Kevin Schembri Orland Wednesday, 8 December 2021, 09:03 Last update: about 3 years ago

The Commissioner for the Environment and Planning within the Office of the Ombudsman, Alan Saliba, has found that Infrastructure Malta did not follow procedure over road works in Dingli.

The works in question had seen Moviment Graffitti organise protests on site, having spent days blocking the works from happening.

The Commissioner had received a complaint from PN Whip Robert Cutajar regarding the creation of a road and extension of existing ones in Dingli, particularly Triq San Gwann Bosco, Triq id-Dahla tas Sienja and Sqaq il-Muzew.

In his conclusions, the Commissioner said that works by Infrastructure Malta began before they were authorised by Transport Malta and before the commencement notice regarding the environmental permission for the removal and pruning of trees was sent to the Environment and Resources Authority.

The Commissioner said that on 2 October 2020, Infrastructure Malta began the works, which stopped after complaints from a number of residents.

The Commissioner's report reads that works resumed on 14 October 2020 but were stopped for a second time, this time by the Environment and Resources Authority, as Infrastructure Malta had not sent the commencement notice 7 days before works began as it was bound to have done in the environmental permit, which authorised the removal of two trees and the extensive pruning of others.

Works restarted and then stopped for the third time, and on 22 March 2021 restarted after an appeal against the environmental permit was refused.

This is where protests on site took place until works continued definitively after the relative expropriation notices were published on 12 April 2021, the Commissioner's report read.

On the Transport Malta issue, the Commissioner wrote that it had approved the works on 17 March 2021. The Commissioner noted that the roads in question appear on the 1988 regulatory plans, and the PA said that these roads had long been planned. However, the Commissioner says that it seems little information was available when the works were actually going to start, so much so that the Transport Malta permit was issued five months after.

In his conclusions, the Commissioner wrote: "There is no need for a recommendation to be made for everyone to follow the law, as this should always be the order of the day, particularly for government entities that are an example to citizens."

"However, the importance of a one-stop shop is being repeated, so that citizens would be well informed and for fines imposed on government entities would not only result in an internal transaction."

The one-stop shop idea was put forward by the Commissioner back in 2019 and would, among other things, receive every complaint about any environmental related matter, be it on the built environment or the un-built environment. In 2019, it was proposed that this would have the power to keep the entities concerned informed about the complaint; to receive commencement notices for every project; to serve as a collectors of fines; and to serve as a central point where government entities can discuss sticking points between themselves, among other things.
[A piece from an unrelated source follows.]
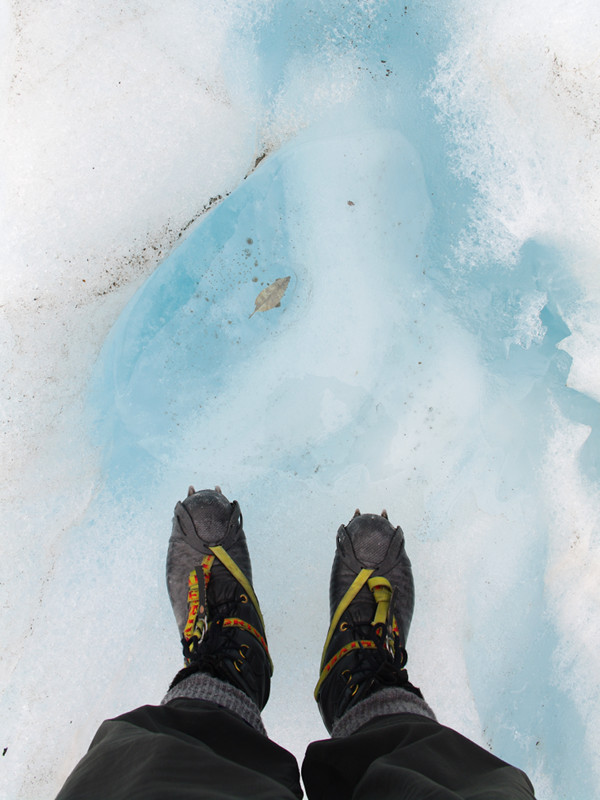 Looking down at my boots and crampons against some blue ice on Franz Josef Glacier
Another recommendation by the Commissioner on this Dingli decision is that the changes to the Environment Protection Act conclude "in the quickest possible time," and that they should incorporate a suspension period for environment permits pending a period of appeal.

The Commissioner said that the changes to the Environment Protection Act that are being discussed would result in more transparency and the introduction of public participation in environmental decisions similar to the procedures for permits before the Planning Authority.

This decision by the Commissioner was on one of a number of complaints that had been filed by PN MP Cutajar, with others relating to works in Comino, Marsa, Attard, Mosta, among others, some of which have already been decided.